International Travel Opportunities for SAR Members
Due to the Covid-19 pandemic, all international field trips have been suspended until further notice.
Please click here for more information on our Local and Regional Member Field Trips.
Past Trips: 2019
A Journey to the Brazilian Amazon
Limited to 20 travelers
Date: January 3–11, 2019
Cost: $7,680 per person for double occupancy and $8,240 for single occupancy w/o airfare
Study Leaders: Archaeologist and Professor of Anthropology Anna Roosevelt and Anthropologist and SAR President Michael Brown
Photo, right, Manaus, Amazon River, courtesy of Abercrombie & Kent
You then continue on your journey and fly to Santarém city, an 8,000-year-old archaeological site situated on the right bank of the Tapajós River. Across the river is your next stop Monte Alegre. The hot sandstone hills behind Monte Alegre are dotted with caves and bizarre rock outcroppings with rock paintings from ancient Amazonians. The paintings are red, orange, yellow, and brown, and depict human and animal figures, handprints, and geometric designs. Studies starting in the 1990s by Roosevelt suggest the caves at Monte Alegre were first occupied as much as 13,150 years ago—thousands of years earlier than previously thought. (Paleoindian sites elsewhere in South America have returned similar dates.)

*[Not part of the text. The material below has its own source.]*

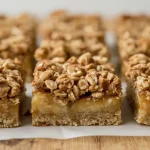 High Protein Apple Pie Bars with Oat Crumble Topping - recipe card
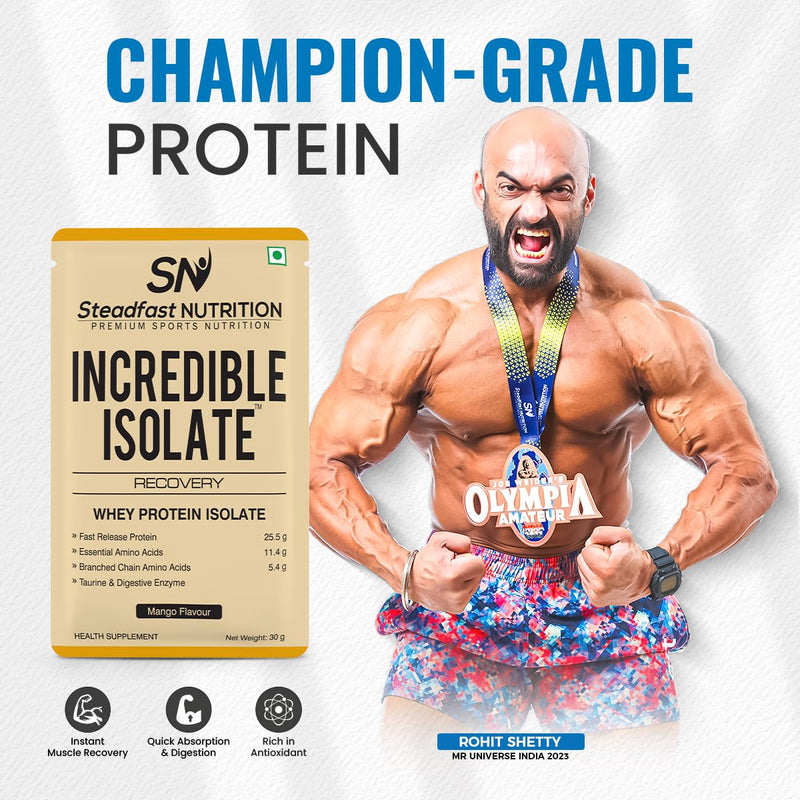 Steadfast Nutrition Incredible Isolate Whey Isolate Protein |100% Pure Isolate Powder with 25g Protein |Muscle Building & Weight Loss Supplement | Instant muscle recovery (Chocolate, 6 Sachets)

Activity Level: Moderate (walk unassisted, boat travel, includes a fifteen-minute climb up 350-500 feet to visit the rock art sites)
SAR field trips are for members only. To become a member, click here.

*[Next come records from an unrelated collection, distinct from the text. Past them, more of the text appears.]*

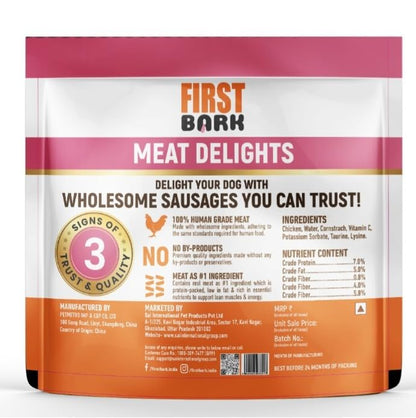First Bark Chicken Sausages for Dogs 450g (Pack of 1), High Protein Made with 100% Human Grade Chicken Meat Dog Treats, Soft & Tasty Training Snacks for All Dog Breeds Newly Launched By DogsNCats
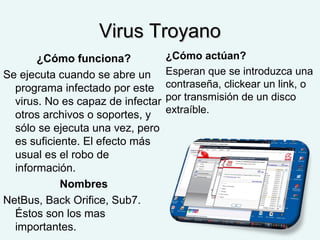 Virus TroyanoVirus Troyano
¿Cómo funciona?
Se ejecuta cuando se abre un
programa infectado por este
virus. No es capaz de infectar
otros archivos o soportes, y
sólo se ejecuta una vez, pero
es suficiente. El efecto más
usual es el robo de
información.
Nombres
NetBus, Back Orifice, Sub7.
Éstos son los mas
importantes.
¿Cómo actúan?
Esperan que se introduzca una
contraseña, clickear un link, o
por transmisión de un disco
extraíble.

For more information and a detailed itinerary, click here. [PDF]
Abercrombie & Kent will be the tour operators and will be handling all the subsequent payments, tour logistics, and recommendations on international air travel, travelers insurance, and visas.

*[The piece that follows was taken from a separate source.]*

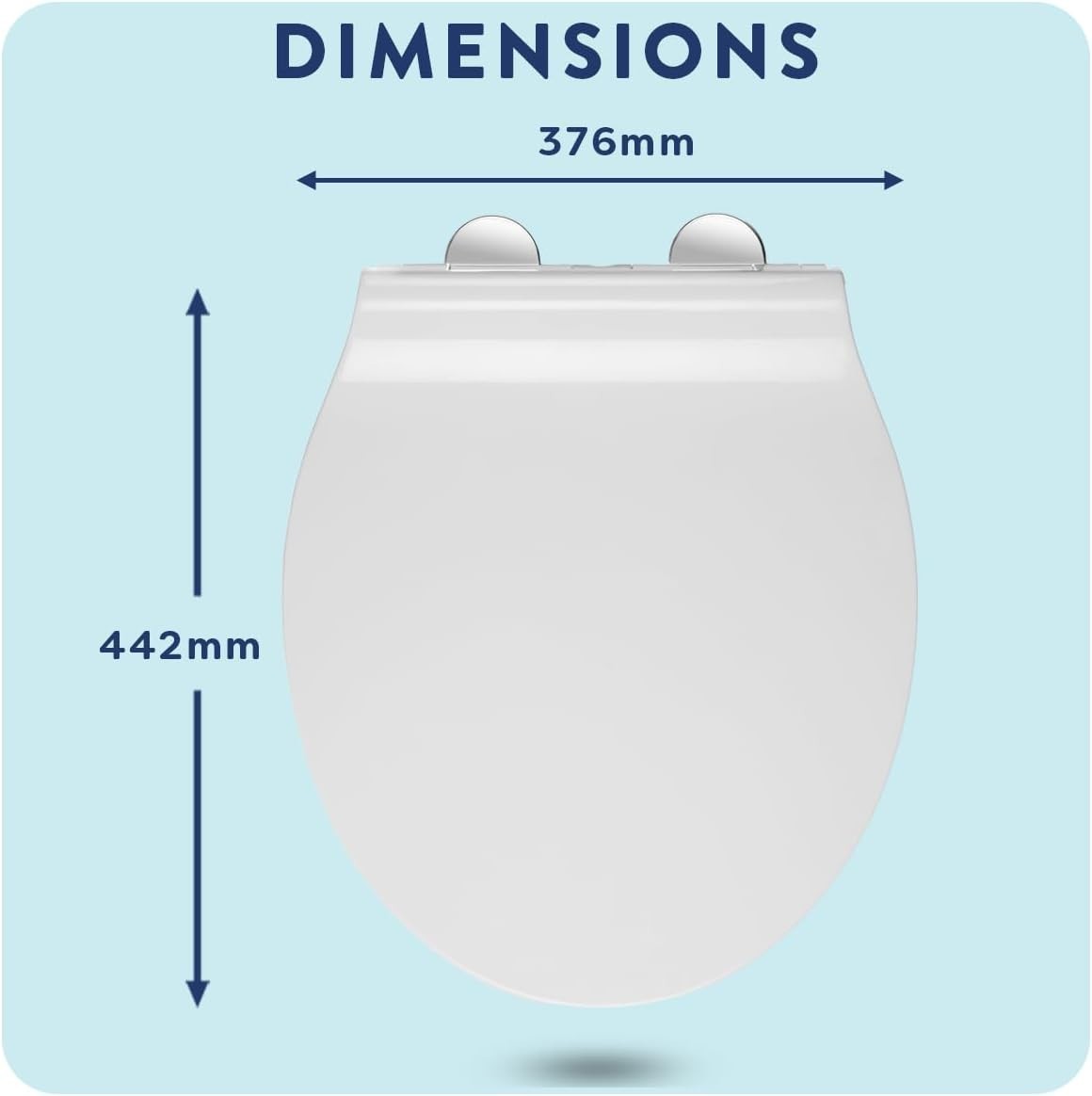 White Slimline Oval Toilet Seat Soft Close Quick Release Antibacterial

Anna Roosevelt is a professor of anthropology at the University of Illinois at Chicago. She studies human evolution and long-term human-environment interaction and cultural development in the Amazon and Congo basins and is one of the leading researchers studying Paleoindians. Her field research has included significant findings at Marajo Island, Santarem, and Monte Alegre in Brazil. The New York Times has called her one of the leading American archaeologists whose work in Brazil is challenging conventional thinking about the peopling of America and where and how some of the first Americans lived. She has published seven books, including Amazonian Indians from Prehistory to the Present, and more than 100 articles in scientific journals, including Science and Nature.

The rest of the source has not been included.